The Fed is committed to maintaining very accommodative monetary conditions and unchanged interest rates until the economy has returned to full employment and inflation has stabilised above its 2.0% target. But the Fed has so far been vague on what determines the pace of its asset purchases. It is clear that these will have to decline long before it raises its key rates. But when and on what basis? Tapering has its risks but also its benefits. The challenge for the Fed will be to steer a gradual steepening as history shows that steepening episodes can be quite abrupt and generate volatility on markets.
The recent upward movement in US longterm interest rates is mainly linked to the rise in inflation expectations and not to the rise in real rates. In a scenario where US GDP growth is expected to accelerate (5.2 to 5.7% in our central scenario in 2021, followed by +2.6 to 3.2% in 2022), real rates could adjust, as well. In this context, the Federal Reserve’s strategy will become a key parameter to watch, with implications on portfolio construction.
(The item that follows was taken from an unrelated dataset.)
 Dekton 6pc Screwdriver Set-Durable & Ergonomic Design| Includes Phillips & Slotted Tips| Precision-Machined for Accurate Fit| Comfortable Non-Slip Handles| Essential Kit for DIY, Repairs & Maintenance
Since its strategic review, the Fed’s reaction function has changed. By targeting 2% inflation on average over a cycle, the Fed aims to anchor short-term interest rates at their current level. The FOMC has also committed not to tighten monetary conditions until the economy has returned to full employment (defined on the basis of multiple criteria, such as minority, woman or age group employment), and inflation prints are above target. Since June 2020, the Fed has bought $120bn of eligible assets each month ($80bn in Treasuries and $40bn in MBS). Its balance sheet is therefore growing at a rate of nearly $1500bn per year (7.5% of GDP). This balance sheet expansion is necessary to maintain very accommodative monetary and credit conditions via low long-term bond yields in the recovery phase.